M. de Pellieux, alors, s’avance : en civil. Il a quitté son uniforme, dit-il, parce que son rôle est terminé.
Mais le changement de harnais ne l’a pas rendu moins agressif. Et, se tournant peu à peu vers son subordonné en état de prévention, sous le coup d’une décision du Conseil d’enquête, donc doublement ligoté, et qu’a déjà provoqué à égalité de grade, mais non de situation, M. Henry, le général traite le colonel de Turc à Maure ; déclare son attitude étrange le qualifie de « Monsieur », — « un Monsieur qui porte encore l’uniforme de l’armée française et qui est venu ici, à la barre, accuser trois officiers généraux d’avoir fait un faux ou de s’en être servi ».
— Fait, non ! S’en être servi, et s’en servir, oui ! riposte Georges Picquart.
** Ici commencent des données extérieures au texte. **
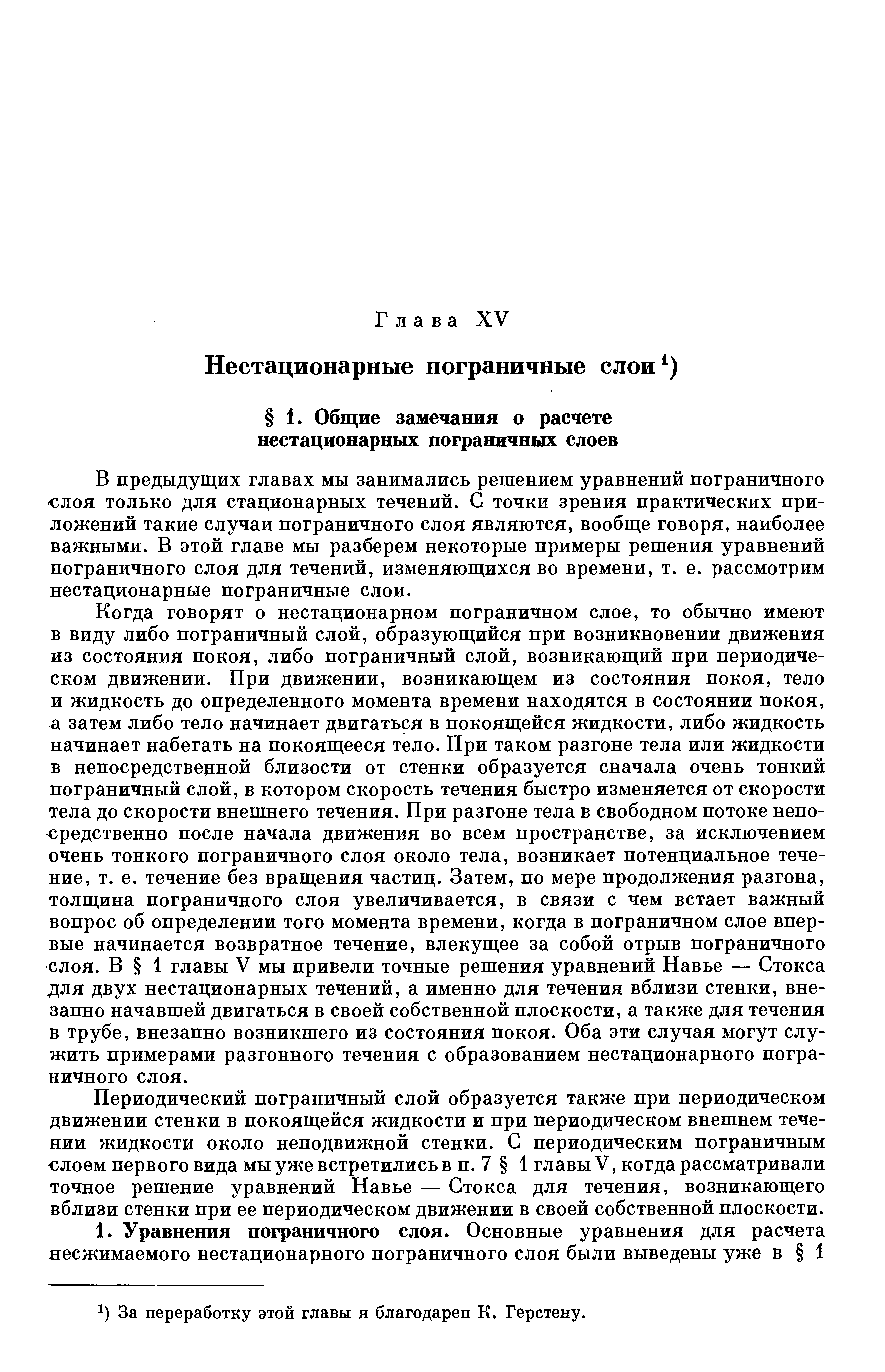 В предыдущих главах мы занимались решением уравнений пограничного СЛОЯ ТОЛЬКО для стационарных течений. С точки зрения практических приложений такие случаи пограничного слоя являются, вообще говоря, наиболее важными. В этой главе мы разберем некоторые примеры решения уравнений пограничного слоя для течений, изменяющихся во времени, т. е. рассмотрим нестационарные пограничные слои.
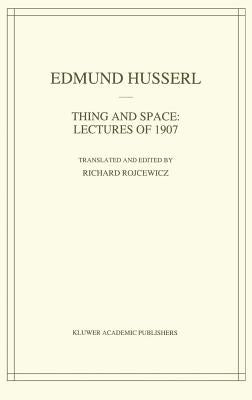 Thing and Space: Lectures of 1907 by Husserl, Edmund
Et il ajoute, complétant sa pensée, en cri d’alarme, mais aussi en flèche du Parthe :
— Rappelez-vous les papiers Norton !
Picquart est hué ; de Pellieux, applaudi. C’est drôle que ce dernier ne soit pas offusqué par l’uniforme au dos d’Esterhazy !
M. le lieutenant-colonel Picquart salue et sort, comme dans la chanson de Ferny, ou mieux se case dans la salle.
Pas une fois, au cours de ces débats, et quelques occasions qu’on lui en ait pu fournir, il ne s’est départi de la correction, de la réserve absolue qu’il s’était juré d’observer. Mais aussi, s’il a encouru des inimitiés puissantes, il s’est assuré des sympathies inaliénables et énergiques.
M. Stock, l’éditeur, vient témoigner quant aux lettres de M. Esterhazy que lui communique son ami M. Autant fils. Puis il atteste la bonne foi de M. Zola ; dit tenir d’un des juges de Dreyfus « que des pièces furent montrées secrètement au Conseil ; qu’il peut en énumérer quatre ».